I did the same change in the Metal implementation; here’s the commit - pretty much the same as what is there on D3D11. The result? MacBook Pro (2013) with Intel Iris Pro 60.8 -> 42.9 Mray/s. (oꆤ︵ꆤo)

Why? No idea; Mac has no tooling to answer this question, as far as I can tell.

And then I did a change that I thought of totally at random, just because I modified these lines of code and started to think “I wonder what would happen if I…”. In the shader, several places had code like const Sphere& s = spheres[index] – initially came from the code being a direct copy from C++. I changed these places to copy into local variables by value, instead of having a const reference, i.e. Sphere s = spheres[index].

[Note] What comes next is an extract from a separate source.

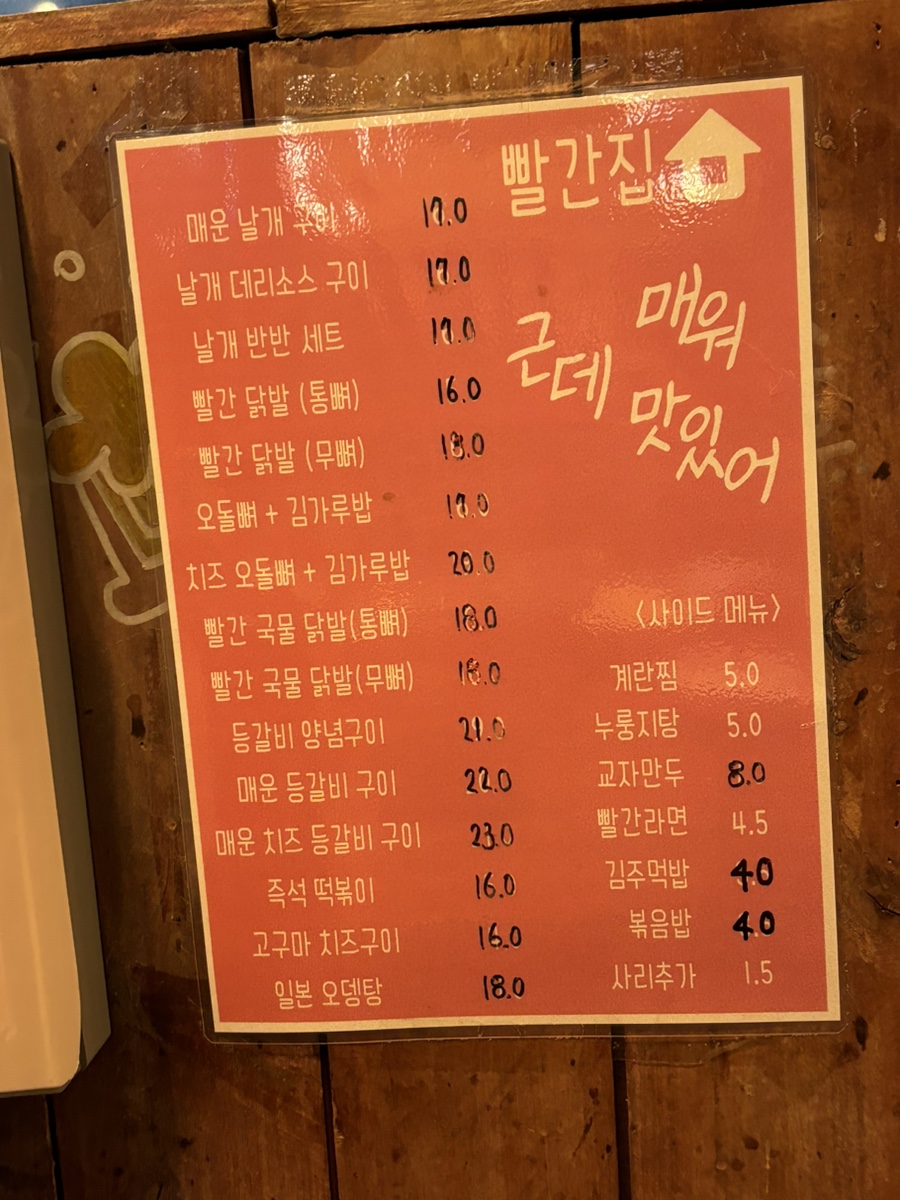 빨간맛집아라점 이미지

Here’s the commit, and that tiny change got the performance up to 98.7 Mray/s on Intel Iris Pro.

Why? Who knows! I would have expected any “sufficiently smart compiler” to have compiled both versions of code into exact same result. Turns out, nope, one of them is 2x faster, good luck!

Metal shaders are a bit of a black box, with not even intermediate representation being publicly documented. Good thing is… turns out the IR is just LLVM bitcode (via @icculus). So I grabbed a random llvm-dis I had on my machine (from Emscripten SDK, of all places), checked which output file Xcode produces for the *.metal inputs, and ran it on both versions.

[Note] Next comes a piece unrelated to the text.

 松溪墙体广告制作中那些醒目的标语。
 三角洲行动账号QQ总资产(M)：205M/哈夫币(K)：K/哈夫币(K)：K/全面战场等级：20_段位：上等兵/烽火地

The resulting LLVM IR disassembly is not very easy on the eyes, looking generally like this:

; <label>:13:                                     ; preds = %54, %10
  %14 = phi float [ %5, %10 ], [ %56, %54 ]
  %15 = phi i32 [ -1, %10 ], [ %55, %54 ]
  %16 = phi i32 [ 0, %10 ], [ %57, %54 ]
  %17 = sext i32 %16 to i64
  %18 = getelementptr inbounds %struct.Sphere, %struct.Sphere addrspace(3)* %2, i64 %17
  %19 = bitcast %struct.Sphere addrspace(3)* %18 to i8 addrspace(3)*
  call void @llvm.memcpy.p0i8.p3i8.i64(i8* %11, i8 addrspace(3)* %19, i64 20, i32 4, i1 false), !tbaa.struct !47
  br label %20
; <label>:20:                                     ; preds = %20, %13
  %21 = phi i32 [ 0, %13 ], [ %30, %20 ]
  %22 = phi <4 x float> [ undef, %13 ], [ %29, %20 ]
  %23 = sext i32 %21 to i64
  %24 = getelementptr inbounds %struct.Sphere, %struct.Sphere* %8, i64 0, i32 0, i32 0, i64 %23
  %25 = load float, float* %24, align 4, !tbaa !46

I’m not fluent in reading it, but by diffing the two versions, it’s not immediately obvious why one would be slower than the other. The slow one has some more load instructions with addrspace(3) on them, whereas the fast one has more calls into alloca (?) and llvm.memcpy.p0i8.p3i8.i64. Ok I guess? The alloca calls are probably not “real” calls; they just end up marking up how much of thread local space will get needed after all inlining. Memcpy probably ends up being a bunch of moves in exactly once place, so if GPU has any sort of load coalescing, then that gets used there. Or that’s my theory for “why faster”.

So Metal takeaways might be:

  1. By-value instead of by-const-reference things might be much more efficient.
  2. Metal bytecode is “just” LLVM IR, so peeking into that with llvm-dis can be useful. Note that this is still a machine-independent, very high level IR; you have no visibility into what the GPU driver will make of it in the end.

Current status and what’s next

So this simple change to pre-cache sphere/material/emissive data into thread group shared memory got GPU performance up to:

  • PC (GeForce 1080 Ti): 778 -> 1854 Mray/s,
  • Mac (Intel Iris Pro): 61 -> 99 Mray/s.

Which is not bad for such a simple change. Current code is over at 13-gpu-threadgroup-opt tag on github.

What’s next? I’m not sure. Maybe I should look at moving this out of “toy” stage and add bounding volume hierarchy & triangle meshes support? Narrator: he did not.